This chapter describes model snapshots, as implemented in Oracle Real-Time Decisions (Oracle RTD), Version 2.2.1. It contains the following topics:
Section 3.5, "Populating and Clearing the Model Snapshot Tables"
Section 3.6, "Creating Reports from the Model Snapshot Data"
In Oracle RTD Version 2.2.1, you can copy the results of Oracle RTD's learning process to database tables. These results include counts of events, predictiveness values, and correlations. From these tables, you can generate reports using simple SQL commands. This feature is known as Model Snapshots.
Each Inline Service is associated with a Study name, and each Inline Service may have one or more Models. The learning process data applies to each Model in a Study. Using the Model Snapshot feature, you dump all the Model results for a Study to the database.
Note: Strictly speaking, the correct term for the data saved is study snapshot rather than model snapshot. However, for simplicity, the two terms are used interchangeably in this section. |
Overview of Setting Up and Using Model Snapshots
There are four main stages in the process of setting up and using model snapshots, as follows:
Configuring the model snapshot tables.
Running one or more applications which add Oracle RTD learning data to their associated models.

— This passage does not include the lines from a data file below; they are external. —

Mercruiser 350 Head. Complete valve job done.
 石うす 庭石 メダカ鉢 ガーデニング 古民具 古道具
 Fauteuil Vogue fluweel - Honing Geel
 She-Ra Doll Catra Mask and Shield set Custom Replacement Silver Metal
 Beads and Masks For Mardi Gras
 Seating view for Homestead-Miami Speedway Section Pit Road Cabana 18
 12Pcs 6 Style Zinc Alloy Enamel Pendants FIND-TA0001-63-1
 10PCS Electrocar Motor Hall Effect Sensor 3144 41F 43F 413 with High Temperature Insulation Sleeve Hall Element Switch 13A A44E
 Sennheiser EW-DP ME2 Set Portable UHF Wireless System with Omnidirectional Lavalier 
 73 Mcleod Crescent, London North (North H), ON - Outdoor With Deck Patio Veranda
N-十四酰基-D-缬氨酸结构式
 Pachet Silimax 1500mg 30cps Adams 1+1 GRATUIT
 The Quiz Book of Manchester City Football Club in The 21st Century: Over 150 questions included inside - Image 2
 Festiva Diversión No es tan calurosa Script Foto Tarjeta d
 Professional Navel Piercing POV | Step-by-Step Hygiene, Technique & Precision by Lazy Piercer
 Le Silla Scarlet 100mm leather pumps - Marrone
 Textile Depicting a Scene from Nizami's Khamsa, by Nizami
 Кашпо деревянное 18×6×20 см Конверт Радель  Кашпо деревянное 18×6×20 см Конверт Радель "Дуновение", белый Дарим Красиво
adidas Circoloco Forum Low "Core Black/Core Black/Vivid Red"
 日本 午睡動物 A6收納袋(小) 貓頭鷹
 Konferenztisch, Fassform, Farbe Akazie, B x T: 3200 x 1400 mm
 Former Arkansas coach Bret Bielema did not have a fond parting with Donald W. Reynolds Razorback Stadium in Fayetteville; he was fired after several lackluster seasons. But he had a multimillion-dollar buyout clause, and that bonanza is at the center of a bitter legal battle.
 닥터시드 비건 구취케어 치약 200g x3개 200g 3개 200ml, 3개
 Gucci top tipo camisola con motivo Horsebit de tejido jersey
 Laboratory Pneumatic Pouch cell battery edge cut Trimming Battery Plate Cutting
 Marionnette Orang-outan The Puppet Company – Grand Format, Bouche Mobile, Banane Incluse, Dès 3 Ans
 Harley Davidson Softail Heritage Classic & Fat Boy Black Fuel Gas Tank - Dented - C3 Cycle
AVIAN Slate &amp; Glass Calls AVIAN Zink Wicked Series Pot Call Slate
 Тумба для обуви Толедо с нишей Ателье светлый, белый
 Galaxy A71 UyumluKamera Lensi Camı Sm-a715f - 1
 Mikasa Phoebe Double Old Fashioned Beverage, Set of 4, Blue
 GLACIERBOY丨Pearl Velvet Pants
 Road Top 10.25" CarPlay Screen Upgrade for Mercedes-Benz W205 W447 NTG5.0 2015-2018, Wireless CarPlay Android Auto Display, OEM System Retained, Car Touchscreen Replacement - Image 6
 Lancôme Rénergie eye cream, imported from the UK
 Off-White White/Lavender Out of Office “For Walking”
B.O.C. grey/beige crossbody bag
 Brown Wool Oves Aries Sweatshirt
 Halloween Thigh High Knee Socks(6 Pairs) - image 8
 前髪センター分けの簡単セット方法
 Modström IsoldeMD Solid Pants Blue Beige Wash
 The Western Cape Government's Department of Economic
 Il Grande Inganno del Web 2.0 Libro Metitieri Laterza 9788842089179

This stage does not explicitly use the model snapshot tables, but it supplies the data to be used in the following stage.
Populating the model snapshot tables from the learned data, and clearing the tables as required.
Creating reports from the model snapshot tables.
Two new system parameters related to model snapshots have been added in Oracle RTD Version 2.2.1. For more information, see Section 3.8, "Tuning the Model Snapshot Process."
Figure 3-1 shows the model snapshot tables, their columns, and the inter-table relationships, as represented by the connector lines.
Each connector represents a one-to-many relationship, from the table at the top end of the connector to the table at the lower end. In the reverse direction, the relationship from the lower table to the top table is one-to-one.
For example, the relationship from RTDStudy to RTDApp is one-to-many. From RTDApp to RTDStudy, the relationship is one-to-one. This corresponds to the real-world situation that each Study can have one or more Applications, and each Application must have one Study only. For production work, Oracle recommends that you use only one Application per Study.
Note: In this section, the term Application is synonymous with the term Inline Service. For example, the table RTDApp stores information about Oracle RTD Applications, which are also known as Inline Services. |
The one-to-many relationships between the elements represented by the tables are as follows (each one-to-many relationship implies the corresponding one-to-one relationship in the reverse direction):
Each Study can have one or more Applications, and one or more Models.
Each Application can have one or more Choice Groups, and one or more Choices.
Each Choice Group can have one or more Choices.
Each Choice, Event, and Model can have one or more Model Instances.
There are also three many-to-many relationships between Model Instances and Attributes, namely Partition, Predictiveness, and Correlation.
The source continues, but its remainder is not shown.